Sent : Saturday, January 26, 2013 9 :05 AM

To :  Gisele Akiki

Subject :  RE : retraite

 

Bonjour,

 

Je réitère ma demande d’information sur le rachat d’années de service entre 1969 et 1979 à la CARRA.

 

Merci

 

De :  Gisele Akiki

Date d’envoi :  28 janvier 2013 11 :09

A :  Pierre Bazinet

 

Pièces jointes :  Demande de rachat de service

 

Bonjour M. Bazinet

 

La date limite pour un rachat est la première entre la date de retraite ou le 30 décembre de l’année où vous atteignez 71 ans.  Pour pouvoir effectuer le rachat de ces années,  il faut que vous y ayez travaillé comme occasionnel.  Si c’est le cas, vous pouvez remplir le formulaire 727 ci-joint et demander à chaque employeur de ces années là de remplir le formulaire 728 pour la période travaillée.  J’ai une partie à remplir dans le formulaire 727 que normalement vous m’envoyez après avoir rempli votre partie.  La CARRA demande les documents originaux, donc le tout doit être envoyé par la poste.

 

Pour toutes questions, n’hésitez pas à me contacter.

 

Bonne journée

       Gisèle Akiki

       Assurances et fonds de pension

       Commission scolaire Kativik

 

       … »

 

-       Ce sont les informations incomplètes de cette responsable, dues à sa méconnaissance flagrante des dispositions pertinentes aux demandes de rachat d’années de service antérieur à l’adhésion à un régime de retraite, qui sont la cause du fait que sa demande de rachat a été refusée.

 

II-         L’ARGUMENTATION

A)            Position de l’appelant

[11]        L’appelant s’en remet aux motifs énoncés à l’appui de sa demande d’arbitrage, tout en reconnaissant que sa demande est parvenue à l’intimée hors délai.

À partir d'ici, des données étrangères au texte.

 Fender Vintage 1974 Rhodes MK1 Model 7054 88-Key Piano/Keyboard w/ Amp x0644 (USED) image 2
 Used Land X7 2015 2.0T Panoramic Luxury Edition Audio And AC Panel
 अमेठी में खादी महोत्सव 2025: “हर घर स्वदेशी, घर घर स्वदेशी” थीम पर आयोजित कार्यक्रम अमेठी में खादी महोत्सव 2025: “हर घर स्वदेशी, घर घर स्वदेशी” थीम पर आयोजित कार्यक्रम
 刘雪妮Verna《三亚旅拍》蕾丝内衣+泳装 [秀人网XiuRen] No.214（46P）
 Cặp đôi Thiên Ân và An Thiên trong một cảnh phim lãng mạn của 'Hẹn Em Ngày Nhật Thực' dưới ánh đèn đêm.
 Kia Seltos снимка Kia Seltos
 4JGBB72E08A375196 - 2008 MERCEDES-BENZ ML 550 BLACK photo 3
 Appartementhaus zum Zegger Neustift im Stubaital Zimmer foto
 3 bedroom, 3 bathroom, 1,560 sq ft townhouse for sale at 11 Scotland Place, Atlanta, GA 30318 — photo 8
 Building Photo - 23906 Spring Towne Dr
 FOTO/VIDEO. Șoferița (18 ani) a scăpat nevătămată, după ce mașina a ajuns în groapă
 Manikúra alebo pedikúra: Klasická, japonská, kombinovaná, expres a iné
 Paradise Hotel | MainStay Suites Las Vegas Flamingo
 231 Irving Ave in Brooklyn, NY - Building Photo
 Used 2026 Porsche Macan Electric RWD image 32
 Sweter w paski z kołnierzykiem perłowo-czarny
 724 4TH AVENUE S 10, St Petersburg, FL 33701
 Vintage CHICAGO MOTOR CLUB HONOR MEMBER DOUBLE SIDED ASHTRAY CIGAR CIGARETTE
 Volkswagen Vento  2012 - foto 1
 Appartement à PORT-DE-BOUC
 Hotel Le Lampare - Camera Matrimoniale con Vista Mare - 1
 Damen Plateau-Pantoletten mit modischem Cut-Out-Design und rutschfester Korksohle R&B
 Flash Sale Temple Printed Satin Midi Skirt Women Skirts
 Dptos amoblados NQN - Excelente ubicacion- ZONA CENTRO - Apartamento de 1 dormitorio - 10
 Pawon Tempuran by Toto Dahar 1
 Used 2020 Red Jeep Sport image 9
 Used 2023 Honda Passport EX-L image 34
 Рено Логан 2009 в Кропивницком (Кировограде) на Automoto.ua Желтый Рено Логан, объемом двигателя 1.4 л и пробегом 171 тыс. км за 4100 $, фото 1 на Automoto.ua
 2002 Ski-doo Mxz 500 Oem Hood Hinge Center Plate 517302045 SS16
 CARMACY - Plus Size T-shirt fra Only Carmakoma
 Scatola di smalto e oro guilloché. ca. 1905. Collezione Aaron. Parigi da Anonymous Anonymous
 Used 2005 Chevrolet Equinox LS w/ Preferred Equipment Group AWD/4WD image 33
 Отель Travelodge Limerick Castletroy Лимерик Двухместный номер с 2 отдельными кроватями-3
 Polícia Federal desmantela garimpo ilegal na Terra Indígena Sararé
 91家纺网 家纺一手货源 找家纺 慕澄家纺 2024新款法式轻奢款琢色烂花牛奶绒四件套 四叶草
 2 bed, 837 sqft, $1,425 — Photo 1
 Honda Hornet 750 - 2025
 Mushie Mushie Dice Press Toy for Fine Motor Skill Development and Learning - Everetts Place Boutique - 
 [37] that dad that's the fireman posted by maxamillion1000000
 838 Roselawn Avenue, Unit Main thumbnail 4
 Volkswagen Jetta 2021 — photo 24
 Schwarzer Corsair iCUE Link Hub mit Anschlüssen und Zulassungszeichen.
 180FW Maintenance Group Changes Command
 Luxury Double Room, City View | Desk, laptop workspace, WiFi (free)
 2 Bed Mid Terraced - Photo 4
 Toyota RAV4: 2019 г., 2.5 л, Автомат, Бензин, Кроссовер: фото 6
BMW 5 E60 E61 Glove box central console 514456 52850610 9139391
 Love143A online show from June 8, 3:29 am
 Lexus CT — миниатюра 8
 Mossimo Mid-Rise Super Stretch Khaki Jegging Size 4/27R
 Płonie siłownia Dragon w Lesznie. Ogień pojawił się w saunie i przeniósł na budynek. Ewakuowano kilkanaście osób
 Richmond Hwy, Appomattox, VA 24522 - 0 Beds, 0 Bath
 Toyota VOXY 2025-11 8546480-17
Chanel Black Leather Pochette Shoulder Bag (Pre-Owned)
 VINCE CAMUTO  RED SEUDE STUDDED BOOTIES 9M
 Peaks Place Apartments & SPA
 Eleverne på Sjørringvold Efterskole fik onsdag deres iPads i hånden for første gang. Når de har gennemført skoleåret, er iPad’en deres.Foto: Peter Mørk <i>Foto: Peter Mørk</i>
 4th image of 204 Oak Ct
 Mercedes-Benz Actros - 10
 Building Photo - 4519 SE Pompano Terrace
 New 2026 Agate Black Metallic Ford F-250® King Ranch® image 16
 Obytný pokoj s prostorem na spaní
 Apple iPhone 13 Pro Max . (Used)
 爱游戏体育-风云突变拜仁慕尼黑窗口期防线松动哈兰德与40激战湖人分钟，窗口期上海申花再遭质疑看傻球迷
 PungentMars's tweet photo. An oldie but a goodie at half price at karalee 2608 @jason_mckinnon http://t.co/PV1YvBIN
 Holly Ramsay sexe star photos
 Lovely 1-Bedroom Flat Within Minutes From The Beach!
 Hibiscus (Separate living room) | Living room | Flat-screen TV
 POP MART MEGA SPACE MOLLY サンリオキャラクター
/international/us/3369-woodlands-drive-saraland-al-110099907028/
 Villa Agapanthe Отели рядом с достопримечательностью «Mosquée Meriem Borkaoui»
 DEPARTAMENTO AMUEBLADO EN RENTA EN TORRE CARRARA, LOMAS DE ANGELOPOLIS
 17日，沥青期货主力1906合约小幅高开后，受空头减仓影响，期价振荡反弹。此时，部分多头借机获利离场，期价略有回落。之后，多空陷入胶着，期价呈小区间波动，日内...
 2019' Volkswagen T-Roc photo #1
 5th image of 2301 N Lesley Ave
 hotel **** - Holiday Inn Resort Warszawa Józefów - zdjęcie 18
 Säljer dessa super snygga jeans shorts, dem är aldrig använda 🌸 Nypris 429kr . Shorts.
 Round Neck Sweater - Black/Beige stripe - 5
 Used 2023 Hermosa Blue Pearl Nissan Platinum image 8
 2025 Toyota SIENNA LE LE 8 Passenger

B)           Position de l’intimée 

[12]        Le procureur de l’intimée soumet, d’une part, que la demande de l’appelant est irrecevable parce que hors délai;  d’autre part, il fait valoir que les motifs que l’appelant allègue au soutien de sa demande de réexamen et de sa demande d’arbitrage ne sont pas invoqués devant le bon forum en plus d’impliquer un tiers étranger au présent recours.

 

III-        MOTIFS ET DÉCISION

[13]       Dans un premier temps, il est clair que la présente demande de rachat de périodes de service antérieures à l’adhésion de l’appelant à son régime de retraite était déjà caduque lorsqu’elle a été reçue par l’intimée le 13 septembre 2011, le délai requis à l’intérieur duquel elle aurait dû l’être étant expiré depuis le 1 er juillet 2011.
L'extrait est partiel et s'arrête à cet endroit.